Pulseway: Systems Management at Your Fingertips

In today's IT world, staying on top of anything and everything related to the most mission-critical applications or machines is increasingly important. With this need in mind, Pulseway provides a product of the same name built to give IT personnel the ability to monitor, manage and automate these very systems and the tasks or applications that they host. Managing an entire computing ecosystem (consisting of both physical and virtual machines) never should be too difficult a task, and Pulseway has proven that to be the case.

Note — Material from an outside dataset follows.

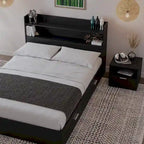 Letto a piattaforma Hunter con testiera e comodino a 1 cassetto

I recently was fortunate to have the opportunity to take this product for a spin. It's extremely simple to install and configure, and if you need help, everything is well documented in the User Manual on the company's website.

So, how does it work? First, you need to register an account on the Pulseway website. Two offerings currently are available: a limited free offering and a paid subscription offering. As you might expect, the limited free account limits the numbers of nodes you can manage, and it also restricts users from leveraging additional features and functionality, including an antivirus, backup/disaster recovery and more.

Once registered, you can sign in to the website and even download the mobile application to your phone or tablet—either Android or iOS. The last step is to download and install the monitoring agents to your mission-critical machines.

In my case, I installed the DEB file into an instance of Ubuntu 18.04 LTS. Once installed, the dæmon configuration file was modified to use my account credentials, and as soon as it started, the dashboard on both the website and on my mobile device saw the system, and it immediately began reporting CPU utilization, memory usage and so much more.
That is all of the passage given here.